Numeric Transformations

4.2.2. Numeric Transformations#

Numeric features in a dataset often need scaling, normalization, or transformation before being fed into machine learning models. Proper transformation can improve model performance, stability, and convergence in optimization algorithms.

4.2.2.1. Min-Max Scaling#

Min-max scaling rescales values to a fixed range, usually [0, 1].

\[ x' = \frac{x - x\_{\min}}{x\_{\max} - x\_{\min}} \]

Example: We can use MinMaxScaler from sklearn.preprocessing to do this.

import pandas as pd
from sklearn.preprocessing import MinMaxScaler

data = {"Salary": [50000, 70000, 120000, 150000, 200000]}
df = pd.DataFrame(data)

scaler = MinMaxScaler()
df["Salary_minmax"] = scaler.fit_transform(df[["Salary"]])
display(df)

	Salary	Salary_minmax
0	50000	0.000000
1	70000	0.133333
2	120000	0.466667
3	150000	0.666667
4	200000	1.000000

This is useful for algorithms like neural networks or distance-based models (KNN, K-Means) that are sensitive to magnitude.

4.2.2.2. Standardization (Z-score)#

Standardization centers the data around the mean and scales by the standard deviation:

\[ x' = \frac{x - \mu}{\sigma} \]

Example: We can use StandardScaler from sklearn.preprocessing to do this.

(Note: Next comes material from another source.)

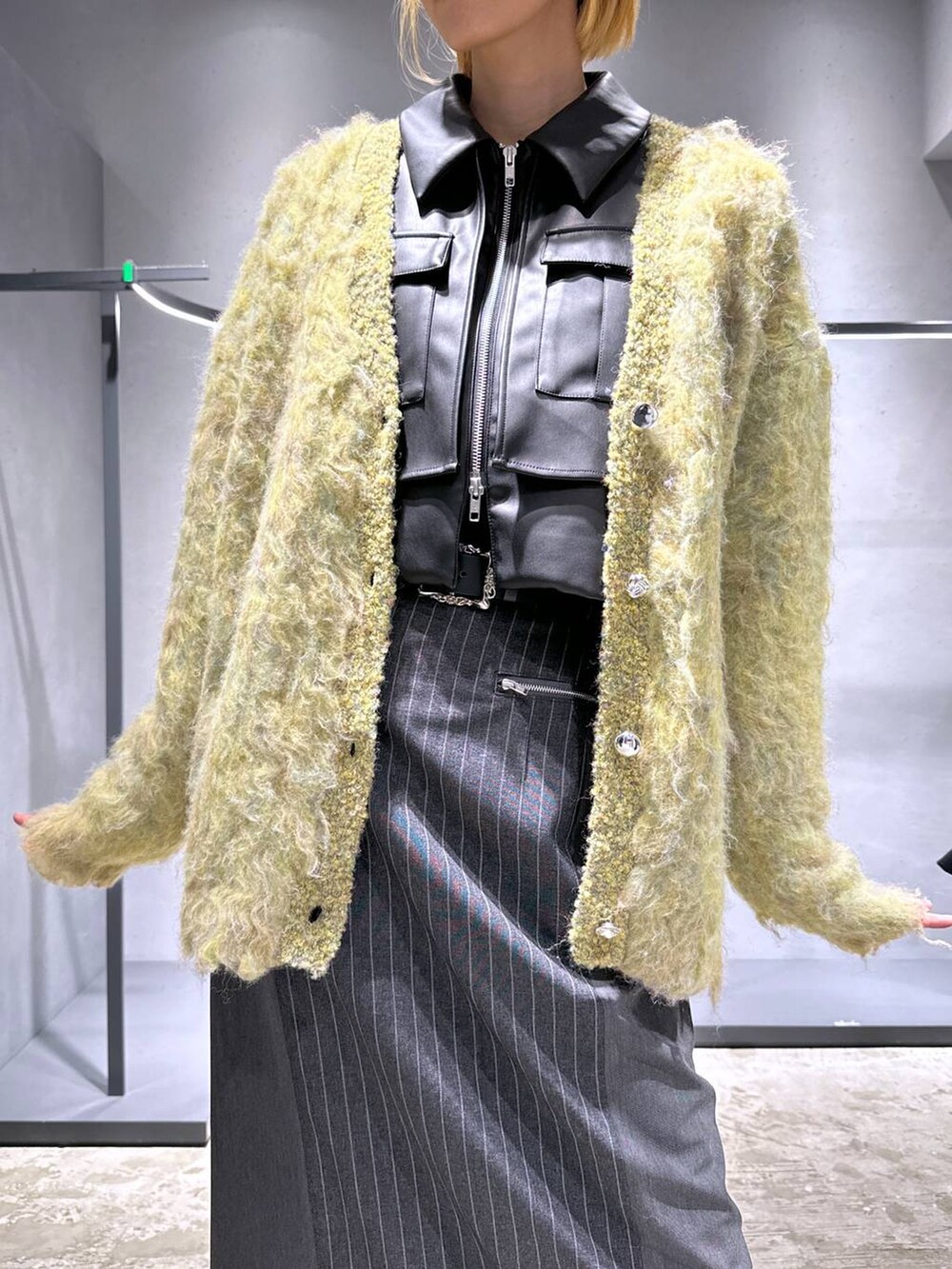 ブラック系のブルゾン、ブラック系のドレスシューズ、イエロー系のカーディガン/ボレロを着用したレディースの秋コーディネートの5枚目の写真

from sklearn.preprocessing import StandardScaler

scaler = StandardScaler()
df["Salary_zscore"] = scaler.fit_transform(df[["Salary"]])
display(df)

	Salary	Salary_minmax	Salary_zscore
0	50000	0.000000	-1.254963
1	70000	0.133333	-0.885856
2	120000	0.466667	0.036911
3	150000	0.666667	0.590571
4	200000	1.000000	1.513338

Standardization is preferred for models like SVM, logistic regression, and PCA.

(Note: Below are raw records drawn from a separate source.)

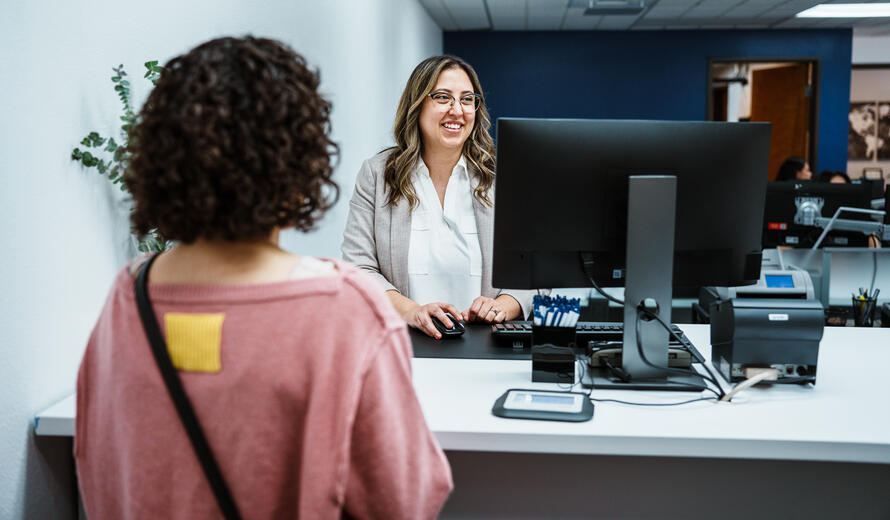 A smiling Latina teller speaks with a customer.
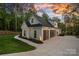 Modern farmhouse with an attached three-car garage and concrete driveway with walkway to manicured yard at 127 Holt Ln, Mooresville, NC 28117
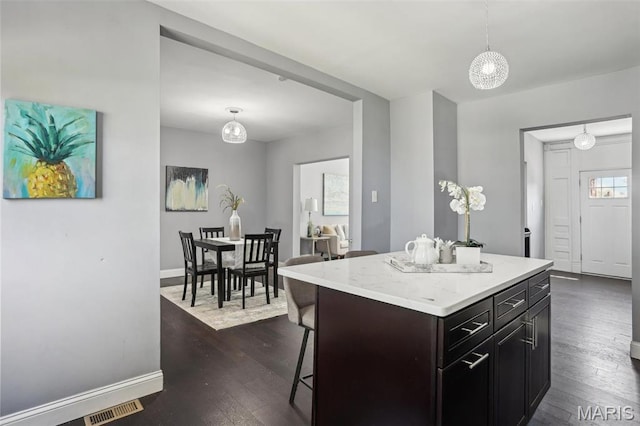 5327 W Ave, Saint Louis, MO 63116 - kitchen featuring dark wood-type flooring, baseboards, a breakfast bar area, and hanging light fixtures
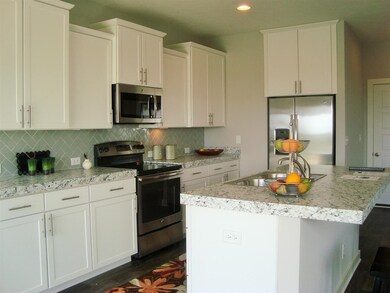 Easy to love kitchen with stainless appliances, an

4.2.2.3. Log Transformation#

Log transformation reduces the impact of skewed distributions and extreme values.

\[ x' = \log(x + 1) \]

Example:

import numpy as np

df["Salary_log"] = np.log1p(df["Salary"])
display(df)

	Salary	Salary_minmax	Salary_zscore	Salary_log
0	50000	0.000000	-1.254963	10.819798
1	70000	0.133333	-0.885856	11.156265
2	120000	0.466667	0.036911	11.695255
3	150000	0.666667	0.590571	11.918397
4	200000	1.000000	1.513338	12.206078

Log transformation is especially helpful for income, population, or any highly skewed features.

4.2.2.4. Demo: How Normalization Improves Computation#

Algorithms like gradient descent converge faster when features are on similar scales. Let’s demonstrate with a simple linear regression.

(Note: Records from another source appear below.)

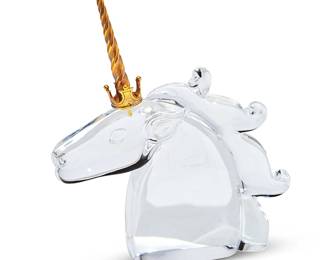 54
A Steuben 18K gold and glass unicorn sculpture
Late 20th century
Etched to underside: Steuben; the horn stamped: 18K S
Model 1004, Designed by James Houston, model introduced 1965, with original fitted box
Figure: 7" H x 6" W x 2" D; Box: 5.5" H x 11.75" W x 7.625" D
Estimate: $800 - $1,200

from sklearn.linear_model import SGDRegressor
from sklearn.metrics import mean_squared_error
import time

# Large synthetic dataset
np.random.seed(0)
X = np.random.randint(0, 1000, size=(10000, 1))
y = 3 * X.squeeze() + 500 + np.random.randn(10000) * 100

# Without normalization
start = time.time()
model = SGDRegressor(max_iter=1000, tol=1e-3)
model.fit(X, y)
time_unscaled = time.time() - start

# With Min-Max scaling
scaler = MinMaxScaler()
X_scaled = scaler.fit_transform(X)

start = time.time()
model.fit(X_scaled, y)
time_scaled = time.time() - start

print(f"Training time without scaling: {time_unscaled:.4f} s")
print(f"Training time with scaling: {time_scaled:.4f} s")
print(f"Boost: {time_unscaled / time_scaled:.2f}x faster")

Training time without scaling: 0.1358 s
Training time with scaling: 0.0123 s
Boost: 11.05x faster

Scaling the features reduces the number of iterations required for gradient descent to converge, thus improving computation speed and stability.